The beginning of a new year is usually a time for saying all the good things, and for confidence- boosting messages. But since we are in the depth of a global crisis (and how deep it will be is still hard to gauge), and since no country can afford to make new mistakes, we had better be more realistic.

The year of 2009, or according to the Chinese zodiac, the Year of the Ox (or of the more auspicious bull, as the Chinese business people like to think) is unlikely to be a year of quick fixing and recovery. Instead, it is likely to mark only the beginning of a protracted war against a global recession.

It may be interesting to point out that it was another Year of the Ox, that of 1937, that marked out the beginning of a historic protracted war in China, to resist Japan's full-scale aggression. In comparison with that real war, I have full confidence to say that the war now facing China is a much lighter one.

I agree with the view of the New York University economics professor Nouriel Roubini, as aired in his recent interviews, that the US recovery, once it comes about, could be weak at the beginning.

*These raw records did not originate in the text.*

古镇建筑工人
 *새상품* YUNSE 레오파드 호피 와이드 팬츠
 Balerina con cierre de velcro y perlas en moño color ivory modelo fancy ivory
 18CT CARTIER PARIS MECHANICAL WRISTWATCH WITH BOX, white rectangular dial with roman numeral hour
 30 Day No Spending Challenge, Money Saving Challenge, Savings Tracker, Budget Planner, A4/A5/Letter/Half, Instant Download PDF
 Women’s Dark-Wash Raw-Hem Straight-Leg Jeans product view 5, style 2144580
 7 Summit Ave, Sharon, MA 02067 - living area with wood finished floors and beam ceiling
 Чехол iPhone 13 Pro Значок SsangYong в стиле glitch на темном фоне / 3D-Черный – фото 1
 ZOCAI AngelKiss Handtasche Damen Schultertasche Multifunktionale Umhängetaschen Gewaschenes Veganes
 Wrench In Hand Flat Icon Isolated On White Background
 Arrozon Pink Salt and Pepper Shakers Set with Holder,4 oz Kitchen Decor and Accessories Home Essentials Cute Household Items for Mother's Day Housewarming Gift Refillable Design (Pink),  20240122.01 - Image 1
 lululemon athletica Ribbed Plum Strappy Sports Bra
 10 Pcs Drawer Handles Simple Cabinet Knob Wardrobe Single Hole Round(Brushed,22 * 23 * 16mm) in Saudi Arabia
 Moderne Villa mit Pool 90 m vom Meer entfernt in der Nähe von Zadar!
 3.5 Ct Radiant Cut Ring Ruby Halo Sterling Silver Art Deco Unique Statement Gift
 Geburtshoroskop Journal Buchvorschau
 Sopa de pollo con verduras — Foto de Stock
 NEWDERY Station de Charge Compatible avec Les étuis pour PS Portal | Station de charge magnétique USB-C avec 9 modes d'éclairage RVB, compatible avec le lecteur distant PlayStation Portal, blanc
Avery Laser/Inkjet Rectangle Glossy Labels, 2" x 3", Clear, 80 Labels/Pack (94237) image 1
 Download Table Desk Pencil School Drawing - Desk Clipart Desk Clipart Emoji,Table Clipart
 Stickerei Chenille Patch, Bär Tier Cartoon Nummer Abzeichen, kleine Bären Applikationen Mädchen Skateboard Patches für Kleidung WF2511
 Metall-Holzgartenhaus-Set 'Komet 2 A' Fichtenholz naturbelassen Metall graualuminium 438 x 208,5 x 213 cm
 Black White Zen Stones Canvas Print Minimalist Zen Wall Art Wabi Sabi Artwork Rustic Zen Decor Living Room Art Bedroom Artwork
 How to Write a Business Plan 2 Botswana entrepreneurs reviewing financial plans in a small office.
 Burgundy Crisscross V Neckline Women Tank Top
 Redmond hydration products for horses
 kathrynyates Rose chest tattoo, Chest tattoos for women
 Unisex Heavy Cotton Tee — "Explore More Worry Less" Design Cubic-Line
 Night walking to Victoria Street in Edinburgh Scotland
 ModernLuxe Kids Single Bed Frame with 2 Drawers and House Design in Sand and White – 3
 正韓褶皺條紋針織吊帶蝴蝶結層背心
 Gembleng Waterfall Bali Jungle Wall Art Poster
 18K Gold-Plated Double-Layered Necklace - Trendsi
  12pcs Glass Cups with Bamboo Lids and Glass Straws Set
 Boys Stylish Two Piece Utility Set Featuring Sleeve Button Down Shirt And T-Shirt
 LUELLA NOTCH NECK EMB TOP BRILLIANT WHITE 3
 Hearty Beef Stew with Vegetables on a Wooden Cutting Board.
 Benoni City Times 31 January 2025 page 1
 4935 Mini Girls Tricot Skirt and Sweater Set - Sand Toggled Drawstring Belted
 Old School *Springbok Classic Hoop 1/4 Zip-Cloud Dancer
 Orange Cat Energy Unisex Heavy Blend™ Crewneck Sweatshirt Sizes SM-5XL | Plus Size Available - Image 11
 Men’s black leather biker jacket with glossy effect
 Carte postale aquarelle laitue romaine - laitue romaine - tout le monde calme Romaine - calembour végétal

A slow recovery can be a consequence of a lack of ready weapons, or guide books, that Henry Paulson, the outgoing Bush administration's treasury secretary, lamented about.

Indeed, people are unlikely to go back to their old business until they are provided with safe channels to deal with each. Banks are unlikely to resume their full services until there is a new framework for the global financial system.

Between now and then, government officials will have to work intensely, while many large funds and corporations, if not states, will fall and appeal for bailouts.

Let there be enough cool-headedness to ensure that these will be the world's main tasks throughout the year. Let China be duly prepared.

In 1938, Mao wrote On the Protracted War, which was partly a critique of the predictions for a rapid win or loss floating around at that time, and pointed out that China's only chance of victory would be in a protracted war. That really turned out to be the course of the war in China.

It is time that Chinese economists wrote China's modern version of the protracted war program.

China is now faced with three challenges, and none of them is likely to go away very soon.

The first challenge is, as Chinese leaders have made clear, to try to seek as high a growth rate as possible - at a time of no increase in foreign direct investment, in export orders, or in foreign debt, and primarily through stimulating its domestic market.

Despite the $586-billion economic stimulus package Beijing has designed, how effectively China can meet the challenge would remain uncertain until large numbers of small enterprises can spring up to redefine the nation's growth model.

The second challenge is to manage an inevitable and more rapid than expected process of the renminbi's change - from its restrictions now to full convertibility. Beijing recently allowed it to be used more widely - both in Hong Kong and between regional trading countries.

This will help sustain what is left in international trade, especially the trading opportunities between China and its Asian Pacific partners.

The third challenge is to participate in the reform of the global financial system. Essentially, this is a task of rebuilding world order, a task China has never seriously undertaken since the Tang Dynasty (AD 619-907).

But reform, let alone the change Barack Obama, the US president elect, has proposed, should require not just more money from the G20 members - which is scheduled for a summit meeting in April.

But change will not be easy, considering the fact that the world's major financial companies are all in the developed countries but the new system will have to serve the emerging economies just as well.